TASK DIRECTIONS
Once you find the line with "new 2025 Jeep Compass car, priced at $31,990" in the data below, transcribe exactly each line from there to the line with "安徽最励志乞丐,不顾家人劝阻学手艺卖艺行乞,现住别墅身家千万_生活", inclusive, and nothing else. Drop the pictures.

MATERIAL FOR THIS TASK

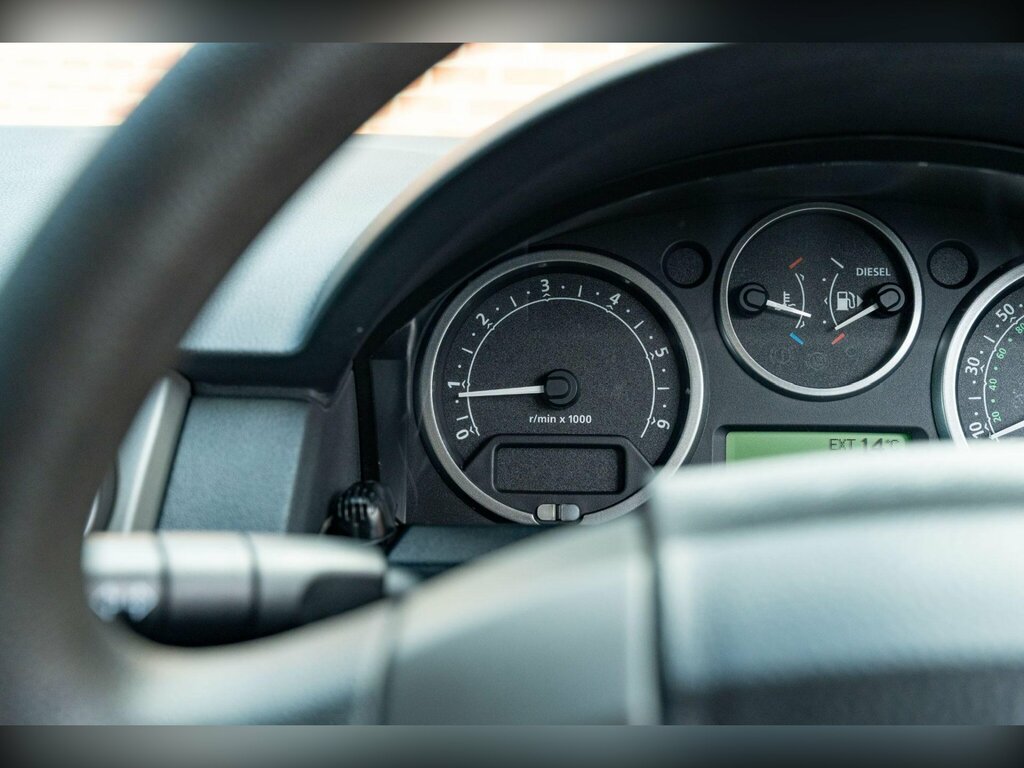 Land Rover Discovery 3 Discovery Silver #22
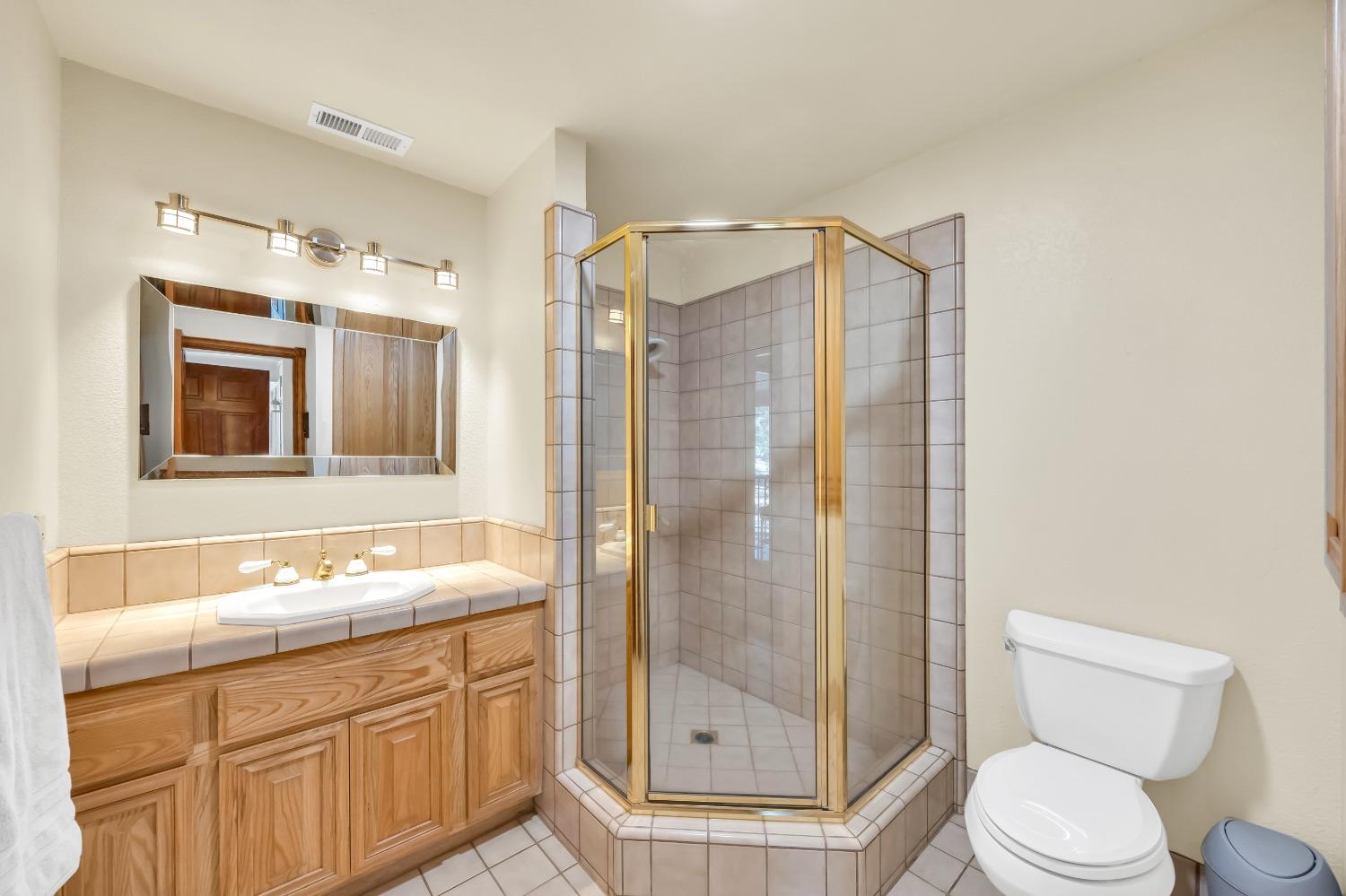 Detail Gallery Image 58 of 79 For 15135 Orchard Springs Rd, Grass Valley,  CA 95945 - 4 Beds | 4/1 Baths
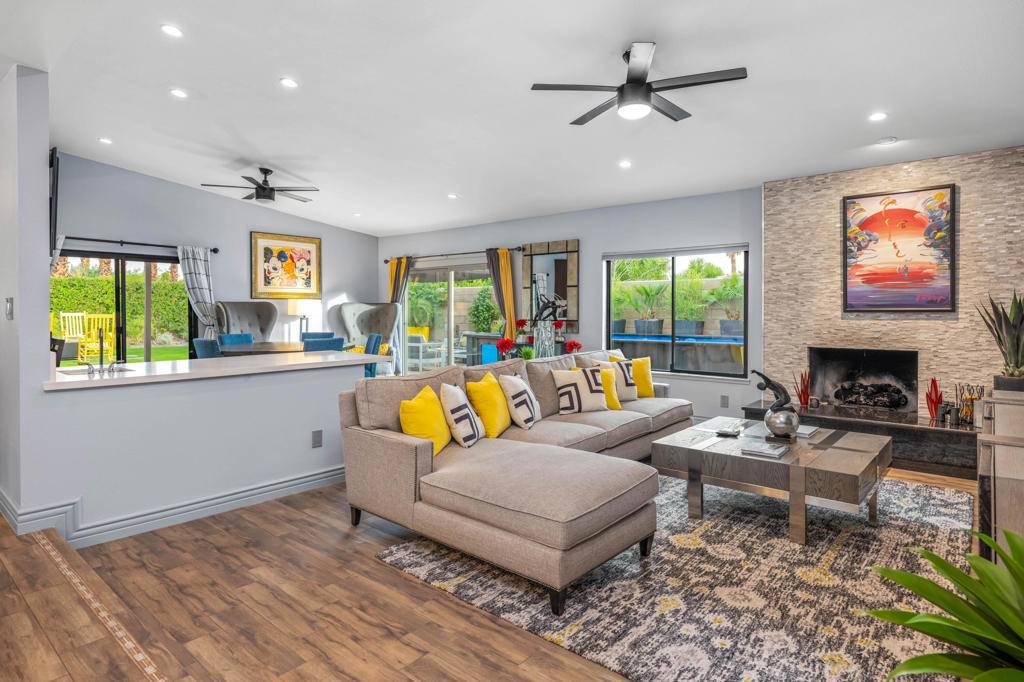 Palm Springs, CA 92262,1289 E Caleta WAY
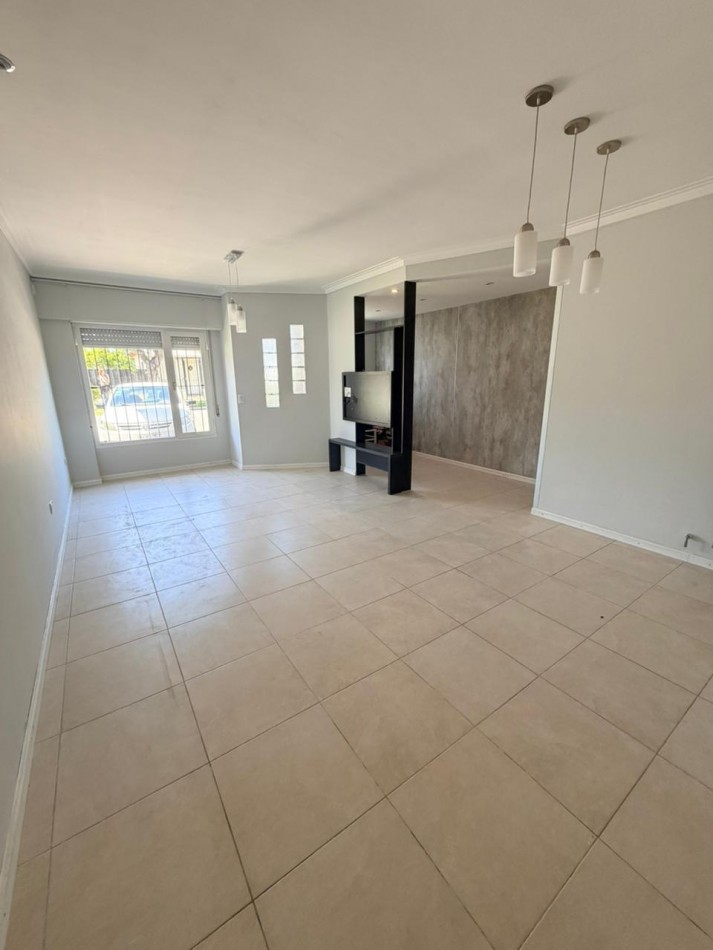 Casa 4 ambientes con cochera - Alquiler 24 meses 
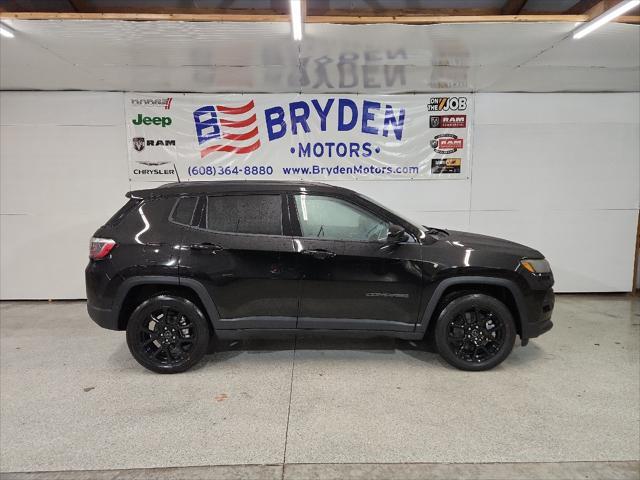 new 2025 Jeep Compass car, priced at $31,990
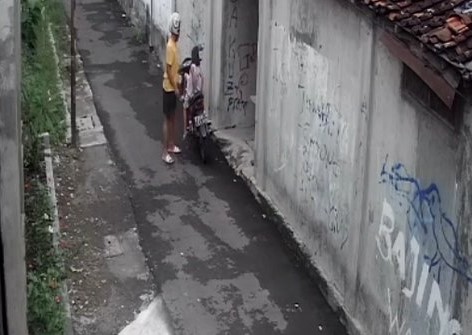 Kamera CCTV Merekam Pria Menculik Bocah Berusia Lima Tahun di Gang Satria Muja Muju, Terlihat Pelaku Melecehkannya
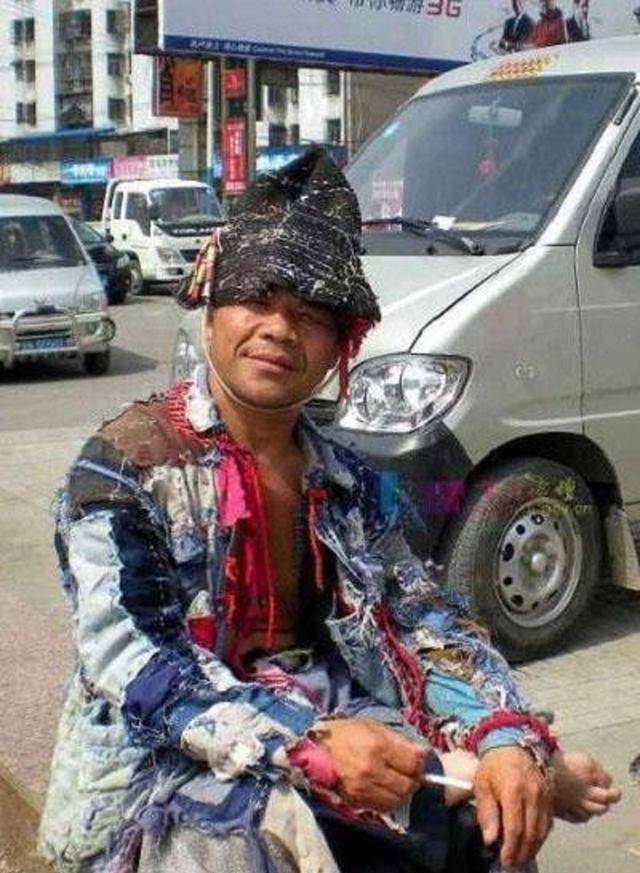 安徽最励志乞丐,不顾家人劝阻学手艺卖艺行乞,现住别墅身家千万_生活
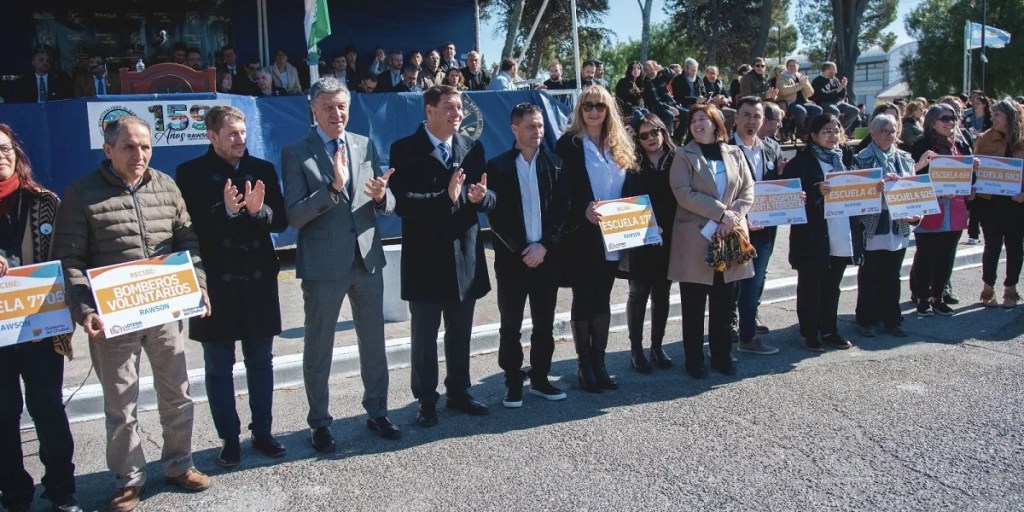 Rawson, 159 aniversario, Damián Biss, Gustavo Menna, gobierno provincial, planta potabilizadora, Parque Industrial, Puerto de Rawson, energías renovables, industria pesquera, Temporada de Toninas, gestión municipal, infraestructura, crecimiento, desarrollo, capital chubutense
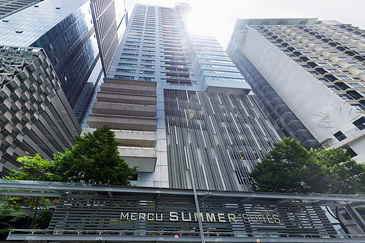 Mercu Summer Suites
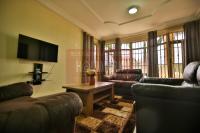 Hallmark Apartments -1 - Bed and Breakfast Accra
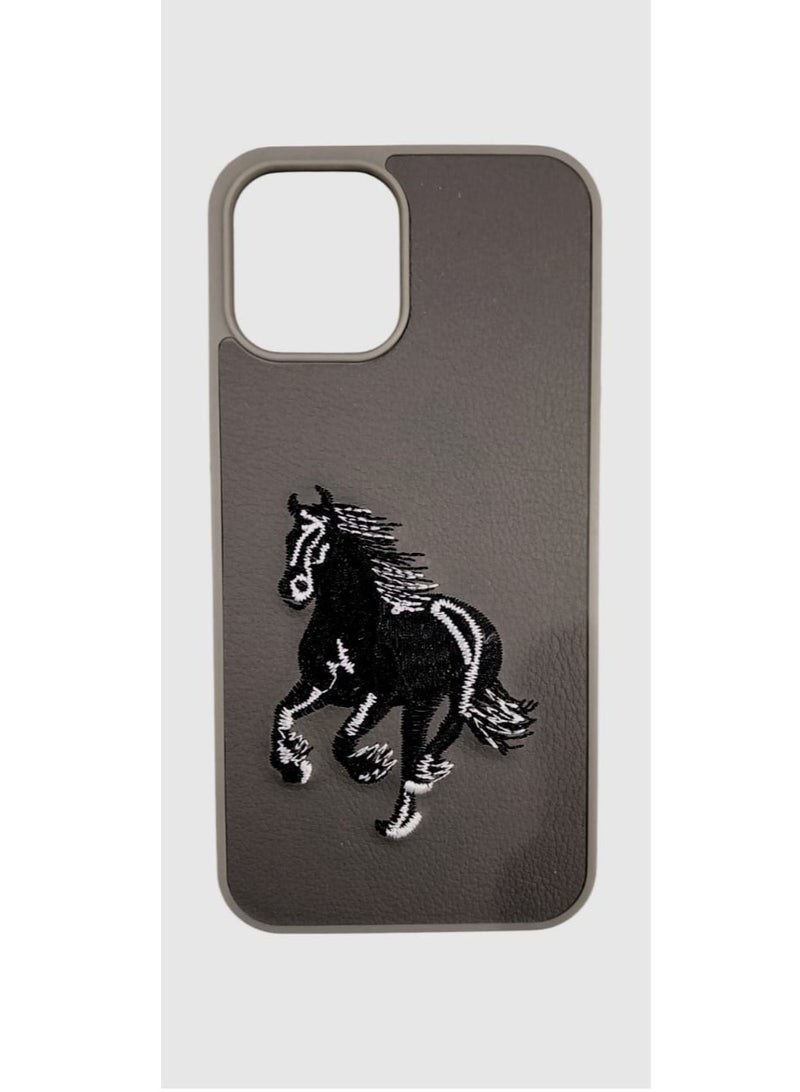 كيس جراب هاتف مضاد للصدمات بتصميم تطريز حصان لهاتف آيفون 12\12 برو باللون رمادي داكن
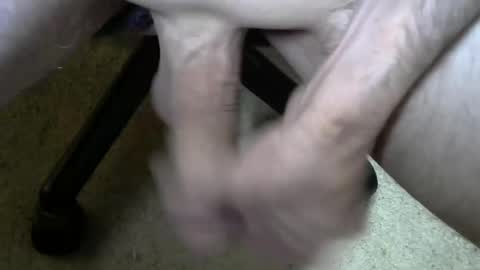 Snapshot of odentonman4fun chatting on 01/05/25, 04:47 odentonman4fun online show from 01/05/25, 04:47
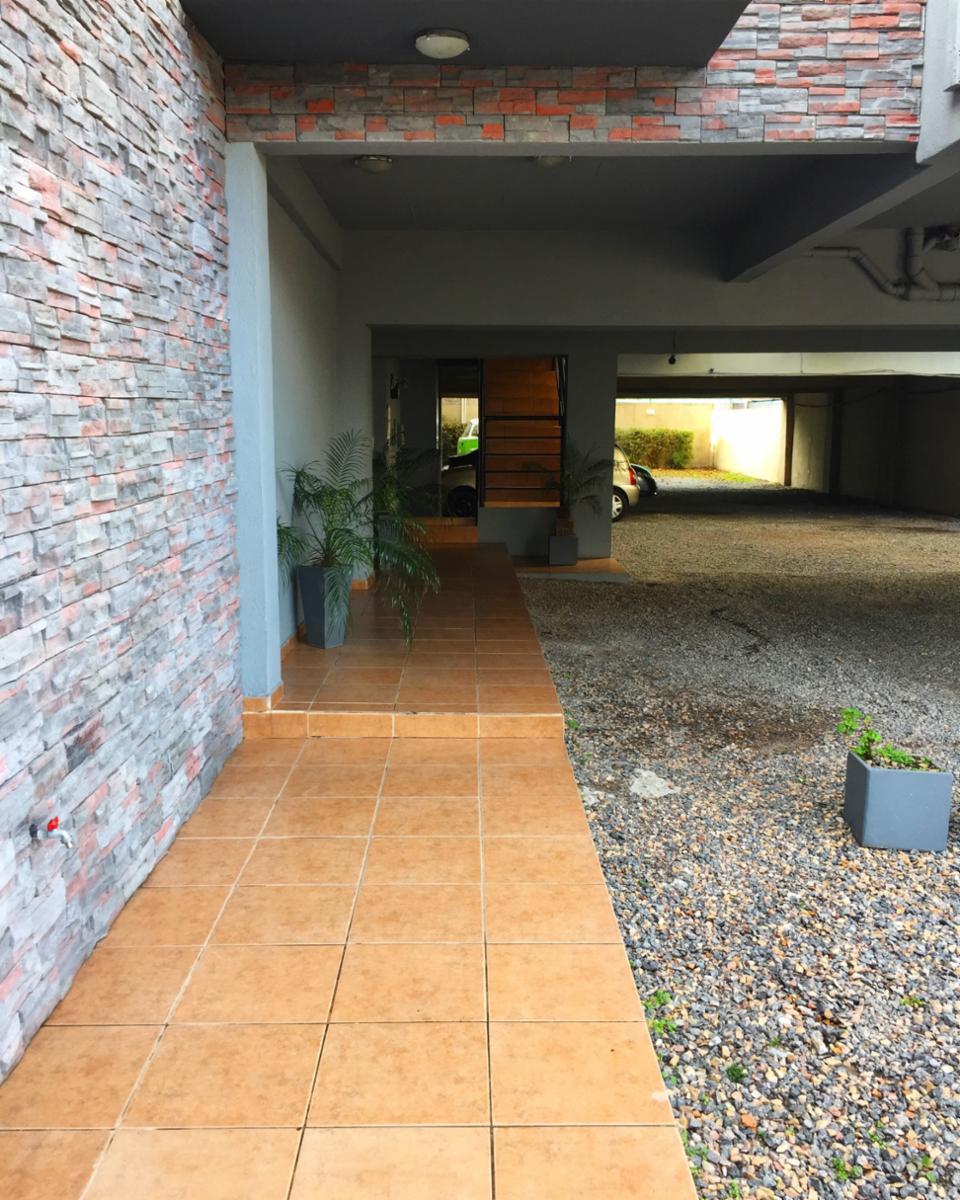 Echagüe 32 · Morón — foto 3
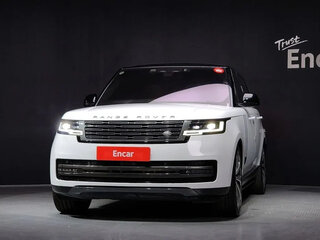 2022 Land Rover Range Rover IV Рестайлинг, белый, 8000000 рублей, вид 3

RESULT OF THE TASK
 new 2025 Jeep Compass car, priced at $31,990
 Kamera CCTV Merekam Pria Menculik Bocah Berusia Lima Tahun di Gang Satria Muja Muju, Terlihat Pelaku Melecehkannya
 安徽最励志乞丐,不顾家人劝阻学手艺卖艺行乞,现住别墅身家千万_生活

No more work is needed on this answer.